リョウベエの退院
一週間後。
ロボット病院から退院の連絡があり、さっそくパパさん、ママさん、ジュンの三人でリョウベエを迎えに行った。
リョウベエのいる病室には、十台ほどのロボットが台の上で横たわっていた。
三人に気づいて、リョウベエが起き上がる。
「リョウベエ、元気になってよかったな。今から退院するんだぞ」
パパさんが声をかけた。
「迷惑ヲカケテ、スミマセン」
「リョウベエが気にすることないのよ。悪いのはジュンなんだから」
ママさんはリョウベエの手を取った。
「そうだよ。オレがケガさえしなけりゃ、リョウベエは走らなくてよかったんだからな」
「トチュウカラ、ナニモ覚エテイナインダ」
「走って、ムリしたんだよ。それでリョウベエ、こわれちゃったんだ」
「ボク、ナン等ダッタ?」
「ビリに決まってるじゃないか」
「ソウナンダ」
こわれたあとの記憶がないのか、リョウベエはくやしそうな顔をした。
退院のしたくをしていると、診察室にパパさんだけが呼びこまれた。
「一週間もかかったのは、なかなか交換部品がそろわなくて。
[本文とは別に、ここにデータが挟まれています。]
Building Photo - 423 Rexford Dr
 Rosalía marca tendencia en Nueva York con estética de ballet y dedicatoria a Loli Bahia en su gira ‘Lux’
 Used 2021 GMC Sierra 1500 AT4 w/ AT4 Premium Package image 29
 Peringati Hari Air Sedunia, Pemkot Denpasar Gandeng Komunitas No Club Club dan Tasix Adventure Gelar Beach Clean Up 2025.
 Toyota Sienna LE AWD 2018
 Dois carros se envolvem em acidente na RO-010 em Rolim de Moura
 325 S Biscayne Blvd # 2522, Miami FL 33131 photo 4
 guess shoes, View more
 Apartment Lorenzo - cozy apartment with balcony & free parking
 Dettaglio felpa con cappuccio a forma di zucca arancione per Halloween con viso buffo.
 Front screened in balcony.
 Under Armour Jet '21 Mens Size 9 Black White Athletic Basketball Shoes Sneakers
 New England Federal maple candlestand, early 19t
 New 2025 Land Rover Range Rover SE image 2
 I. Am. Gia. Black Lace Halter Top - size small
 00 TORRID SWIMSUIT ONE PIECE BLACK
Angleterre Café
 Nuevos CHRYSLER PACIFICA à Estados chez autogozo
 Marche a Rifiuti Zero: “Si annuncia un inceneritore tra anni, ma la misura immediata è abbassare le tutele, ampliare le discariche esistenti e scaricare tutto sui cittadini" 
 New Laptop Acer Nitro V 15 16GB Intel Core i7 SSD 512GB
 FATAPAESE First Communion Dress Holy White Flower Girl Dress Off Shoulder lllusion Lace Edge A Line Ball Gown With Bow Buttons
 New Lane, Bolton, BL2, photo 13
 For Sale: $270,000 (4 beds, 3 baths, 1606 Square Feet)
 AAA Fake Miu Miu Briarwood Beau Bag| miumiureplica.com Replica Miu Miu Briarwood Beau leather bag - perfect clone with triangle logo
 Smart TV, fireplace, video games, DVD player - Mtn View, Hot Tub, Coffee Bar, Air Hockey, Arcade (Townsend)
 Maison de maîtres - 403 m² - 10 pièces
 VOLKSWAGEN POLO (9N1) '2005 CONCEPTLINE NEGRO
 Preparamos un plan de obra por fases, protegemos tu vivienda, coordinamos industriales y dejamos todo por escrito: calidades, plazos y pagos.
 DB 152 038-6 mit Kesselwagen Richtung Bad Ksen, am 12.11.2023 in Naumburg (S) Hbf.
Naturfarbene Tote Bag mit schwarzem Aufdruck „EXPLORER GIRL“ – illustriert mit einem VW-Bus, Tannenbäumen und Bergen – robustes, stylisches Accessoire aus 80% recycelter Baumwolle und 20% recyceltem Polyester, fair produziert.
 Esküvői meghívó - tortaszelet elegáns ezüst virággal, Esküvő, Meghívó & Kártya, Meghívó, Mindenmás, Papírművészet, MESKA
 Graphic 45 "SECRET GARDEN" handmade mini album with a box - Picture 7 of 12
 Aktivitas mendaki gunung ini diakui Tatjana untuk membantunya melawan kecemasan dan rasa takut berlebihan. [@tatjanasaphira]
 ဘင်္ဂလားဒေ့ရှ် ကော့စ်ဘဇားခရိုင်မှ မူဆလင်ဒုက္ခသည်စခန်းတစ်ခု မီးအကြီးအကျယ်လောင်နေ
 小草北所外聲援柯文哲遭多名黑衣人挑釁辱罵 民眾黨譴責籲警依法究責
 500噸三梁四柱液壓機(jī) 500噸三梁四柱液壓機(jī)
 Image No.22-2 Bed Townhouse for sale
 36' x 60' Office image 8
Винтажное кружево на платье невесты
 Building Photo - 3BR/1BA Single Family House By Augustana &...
リョウベエくんは型が古いんで、今は部品が製造されてないんですよ」
先生がカルテを見ながら言う。
「もとのように働けますか?」
「それはなんとか。ですが、こんど故障したらダメでしょうな」
「ダメと言いますと?」
「もっとも大事なところがかなり悪くなっていましてね。そこが故障したら、今回のように部品の交換だけではすまないんです」
「そんなに悪くなっていたとは……」
「定期検査に合格していた、そのことが不思議なくらいなんです」
「じつはもうすぐ、その検査の日が来るんです。リョウベエは合格できますか?」
「ええ、それはなんとか。でもしばらく、休養させることが必要でしょうね」
「もちろんそうします」
パパさんはショックを受けた。リョウベエはおもいのほか悪かったのだ。
それだけではない。
一年に一回、ロボットにはかならず定期検査がやってくる。
不合格になったロボットは家につれて帰ることができない。それどころかロボットとしての役目を終えることになる。